Dataset extract Block Start
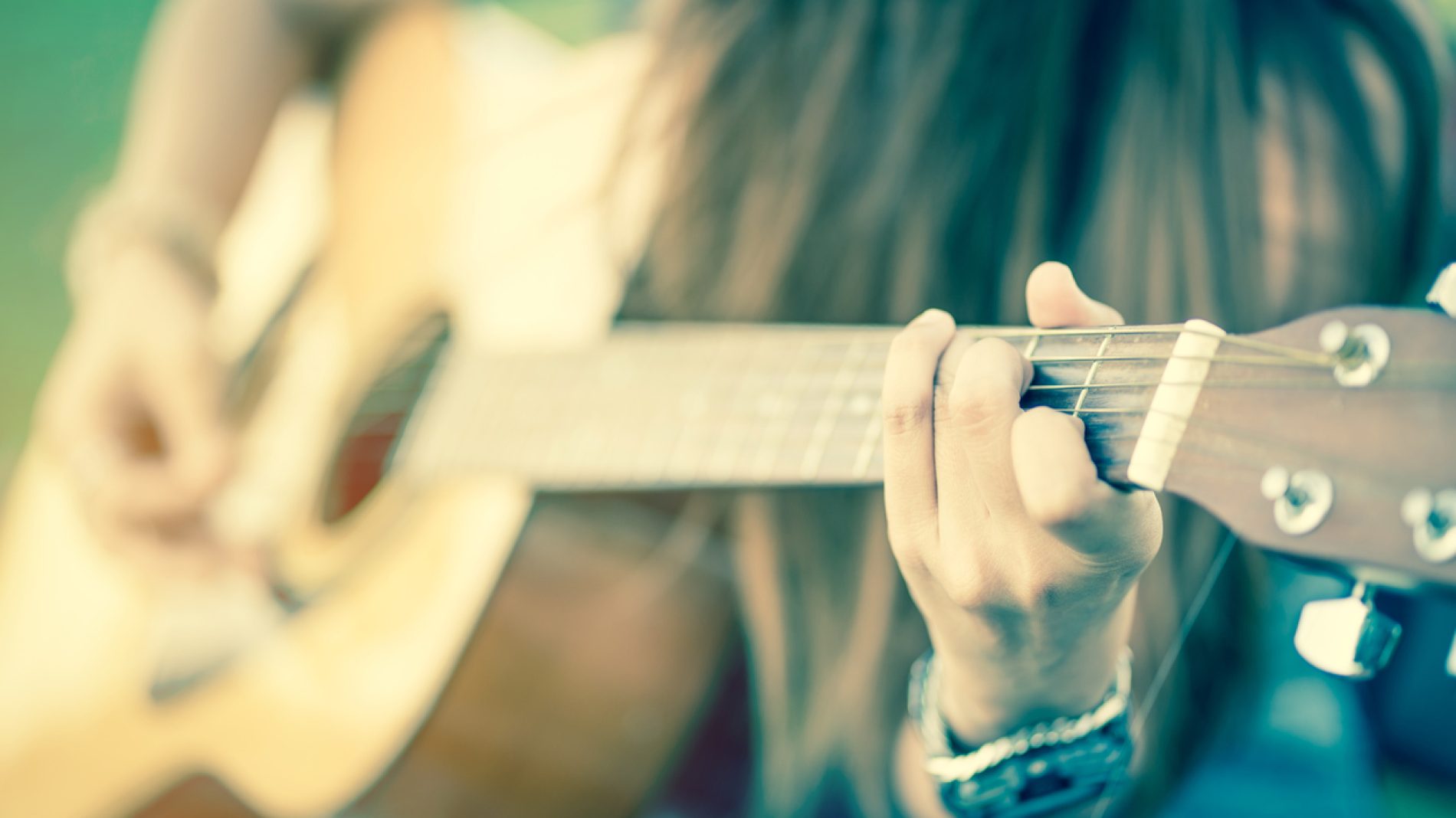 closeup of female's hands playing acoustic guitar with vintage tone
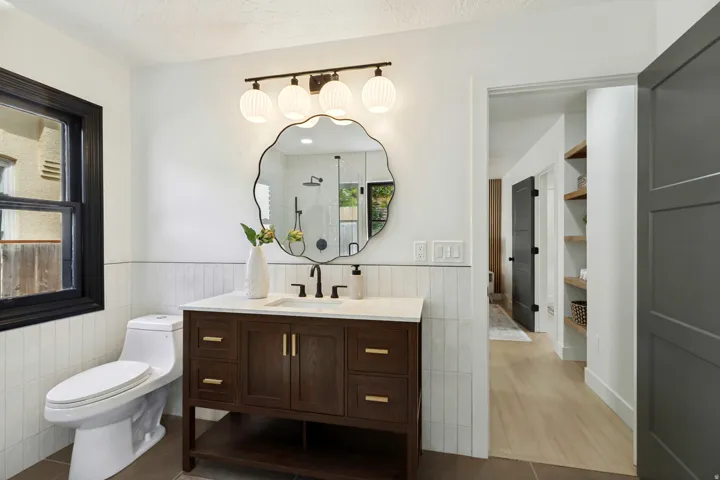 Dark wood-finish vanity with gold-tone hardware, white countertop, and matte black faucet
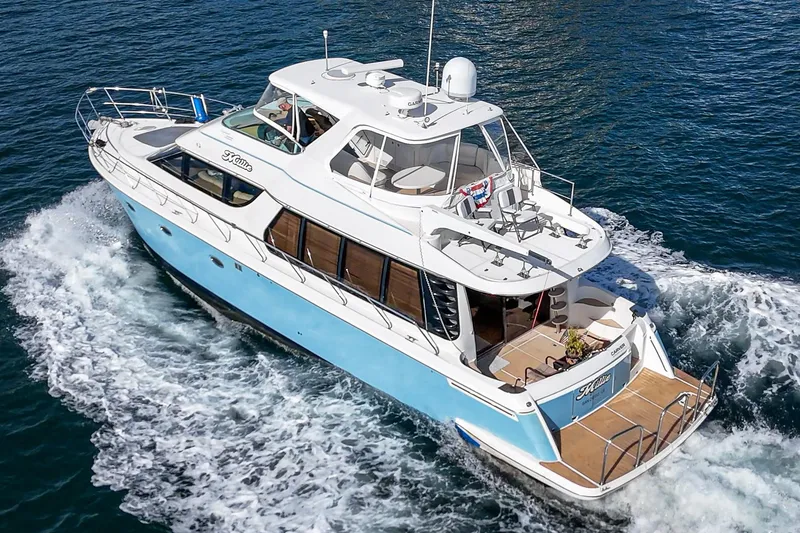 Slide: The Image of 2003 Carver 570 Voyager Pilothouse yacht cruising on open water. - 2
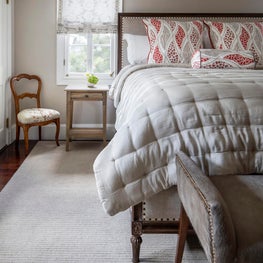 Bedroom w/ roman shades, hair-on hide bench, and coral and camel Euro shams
Dataset extract Block End
Dataset extract Block Start
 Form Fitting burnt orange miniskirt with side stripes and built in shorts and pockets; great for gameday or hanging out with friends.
Dataset extract Block End
What the exercise asks: Transcribe only the lines above that start at the line containing "Slide: The Image" and end at the line containing "Bedroom w/ roman". Omit pictures.

Answer area:
 Slide: The Image of 2003 Carver 570 Voyager Pilothouse yacht cruising on open water. - 2
 Bedroom w/ roman shades, hair-on hide bench, and coral and camel Euro shams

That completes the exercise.